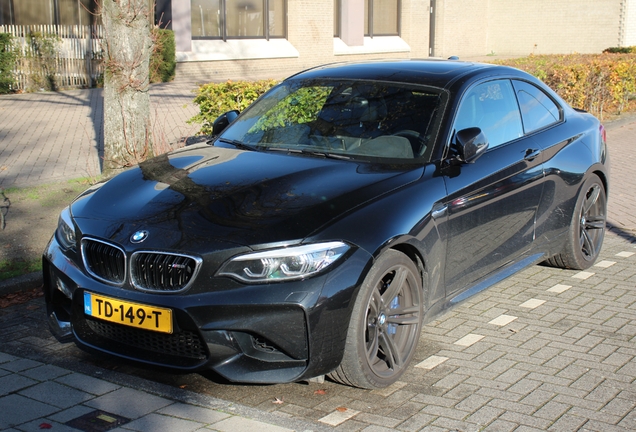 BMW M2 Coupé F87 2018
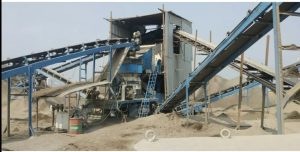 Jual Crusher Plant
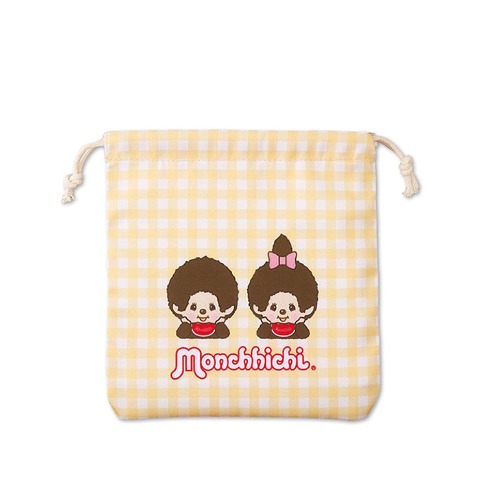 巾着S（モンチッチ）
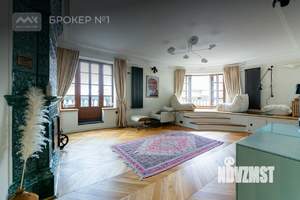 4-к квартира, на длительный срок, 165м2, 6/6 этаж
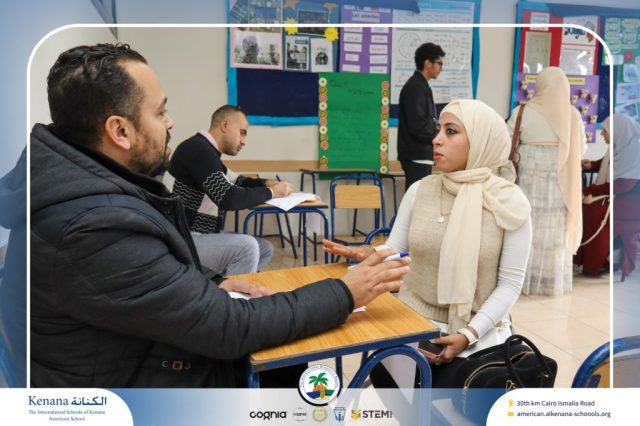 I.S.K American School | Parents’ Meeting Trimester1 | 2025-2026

==

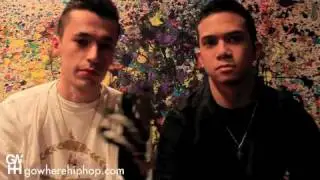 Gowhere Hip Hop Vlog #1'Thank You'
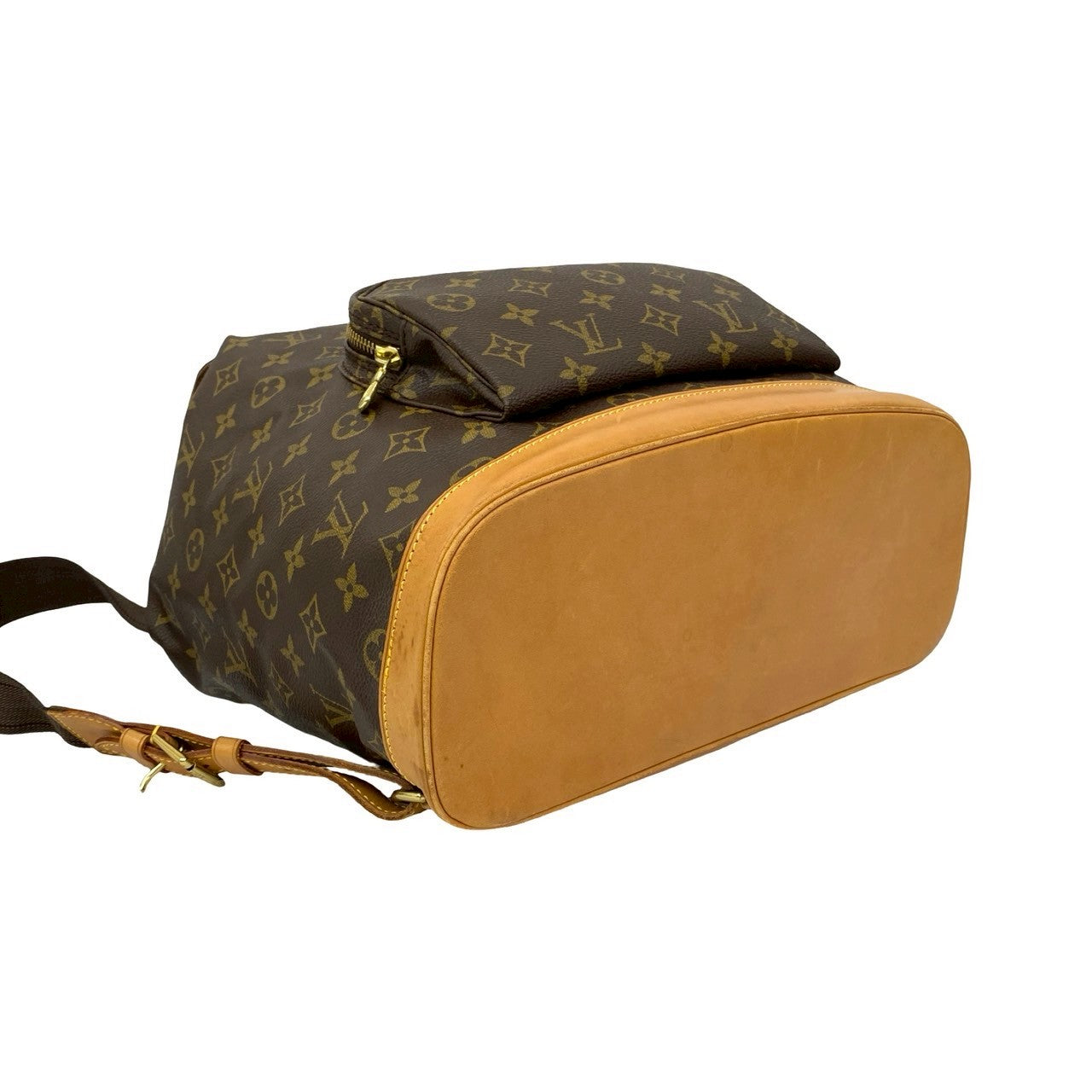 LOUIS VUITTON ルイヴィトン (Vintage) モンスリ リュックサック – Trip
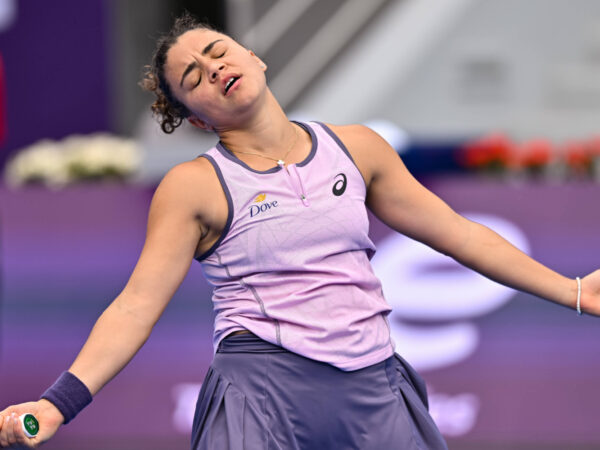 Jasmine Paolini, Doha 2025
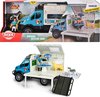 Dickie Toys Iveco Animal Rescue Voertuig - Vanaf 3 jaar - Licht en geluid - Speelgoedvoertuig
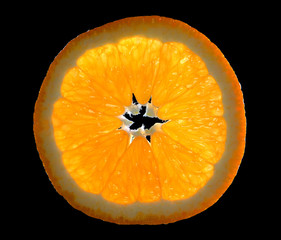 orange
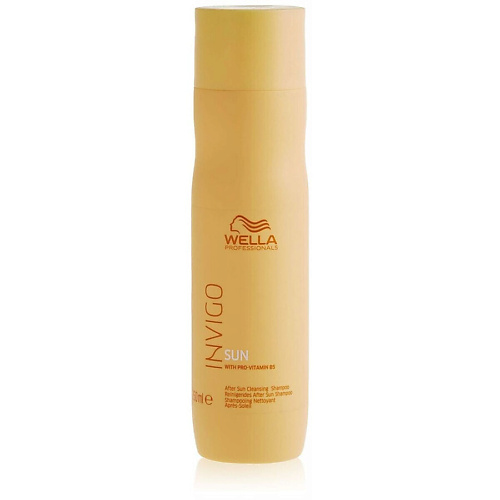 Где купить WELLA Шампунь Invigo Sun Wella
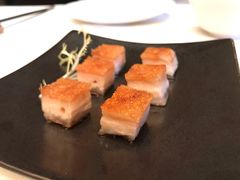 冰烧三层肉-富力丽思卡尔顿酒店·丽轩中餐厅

**How to complete this task**
Where a picture appears in the records above, omit it, and transcribe exactly the stretch of lines from the one with "BMW M2 Coupé F87 2018" through the one with "I.S.K American School".

**Result of this exercise**
 BMW M2 Coupé F87 2018
 Jual Crusher Plant
 巾着S（モンチッチ）
 4-к квартира, на длительный срок, 165м2, 6/6 этаж
 I.S.K American School | Parents’ Meeting Trimester1 | 2025-2026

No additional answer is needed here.